Prompt
Restate the following entries exactly. Keep the pictures out.

Source material
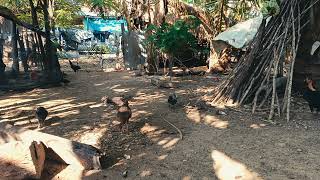 Exclusive Chickens and ducks are eating the banana tree that I chopped. Details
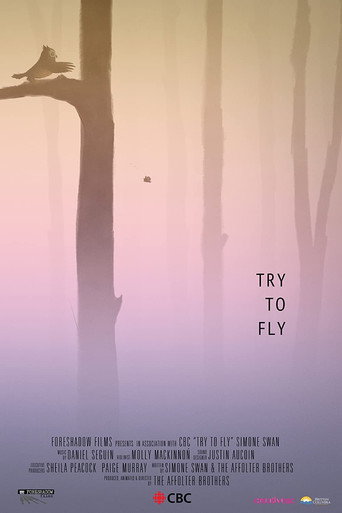 Try to Fly movie poster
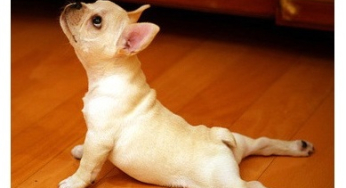 The Feldenkrais method in dogs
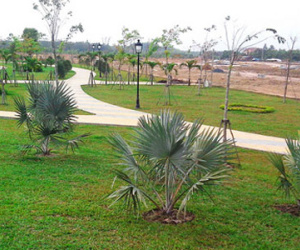 Khách mua đất nền tố môi giới bán giá gấp đôi chủ đầu tư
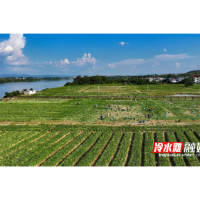 永州冷水滩特色产业促增收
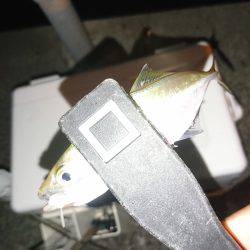 続・豆アジング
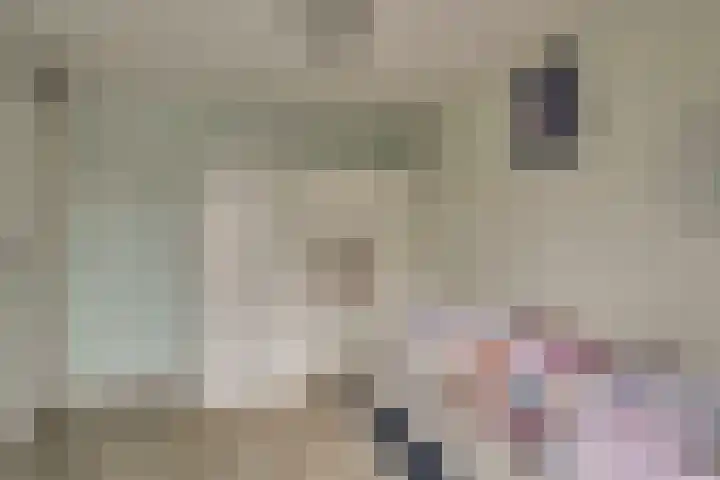 Pieter Bossenstraat 27 Hoogwoud thumbnail 47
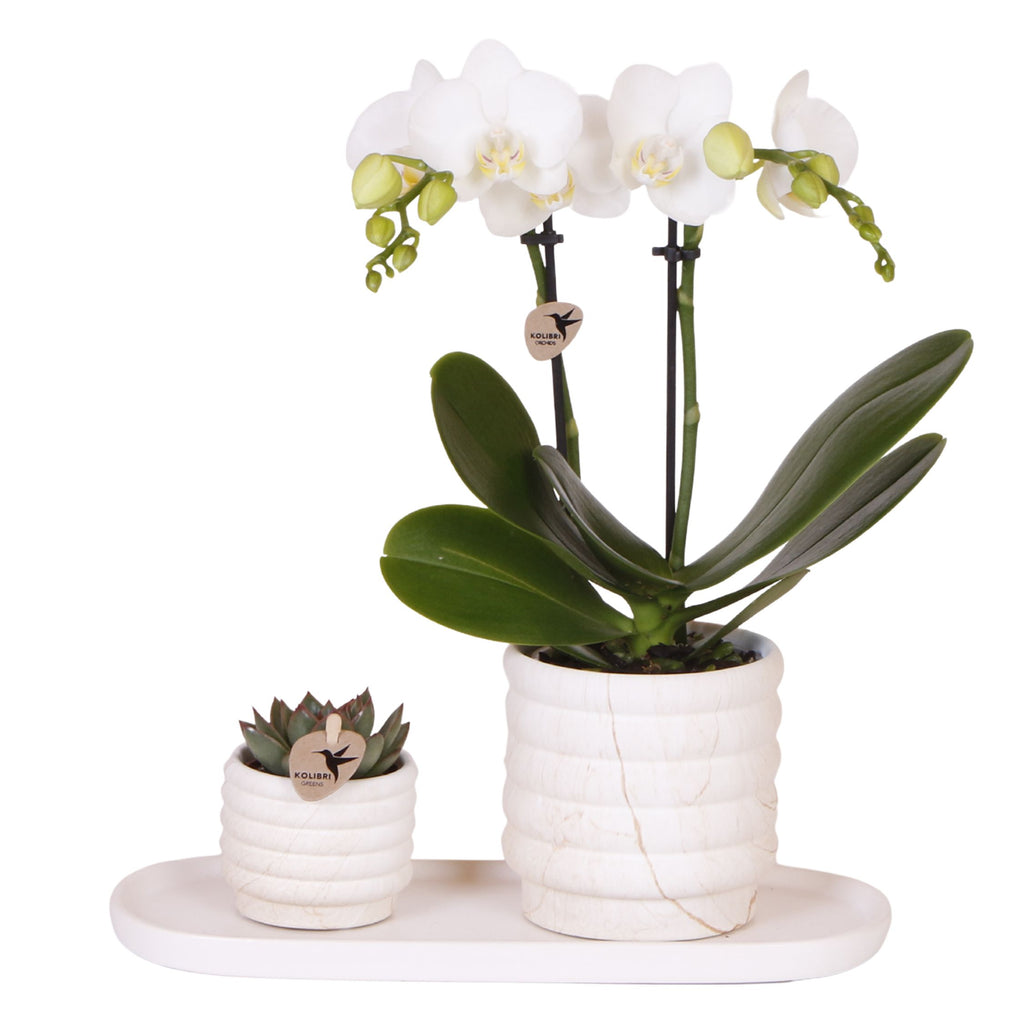 Set cadou orhidee 'Marble S' - Phalaenopsis - Înălțime 30cm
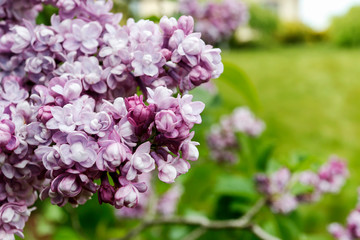 Beautiful lilac flowers in the garden.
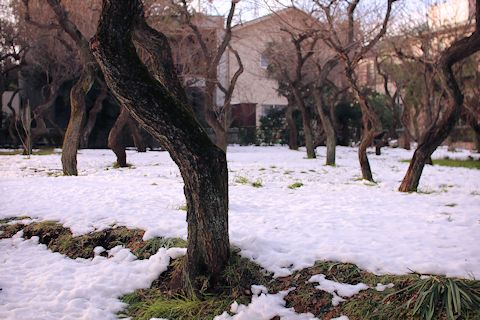 c0090198_17452763.jpg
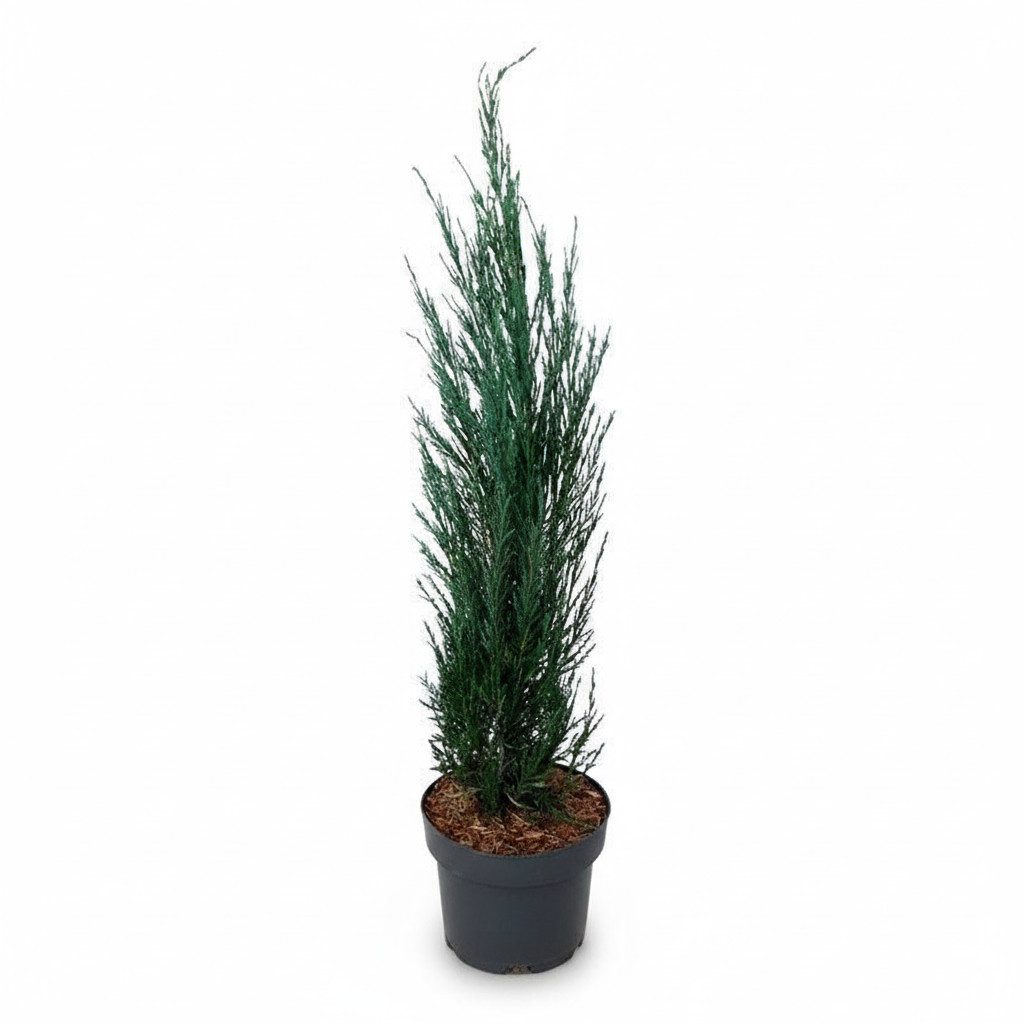 Pflanzen für Dich Konifere Juniperus scop. Blue Arrow, 1 St., Felsengebirgs-Wacholder, Säulenwacholder, blaugrau, säulenförmig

Response to this task
 Exclusive Chickens and ducks are eating the banana tree that I chopped. Details
 Try to Fly movie poster
 The Feldenkrais method in dogs
 Khách mua đất nền tố môi giới bán giá gấp đôi chủ đầu tư
 永州冷水滩特色产业促增收
 続・豆アジング
 Pieter Bossenstraat 27 Hoogwoud thumbnail 47
 Set cadou orhidee 'Marble S' - Phalaenopsis - Înălțime 30cm
 Beautiful lilac flowers in the garden.
 c0090198_17452763.jpg
 Pflanzen für Dich Konifere Juniperus scop. Blue Arrow, 1 St., Felsengebirgs-Wacholder, Säulenwacholder, blaugrau, säulenförmig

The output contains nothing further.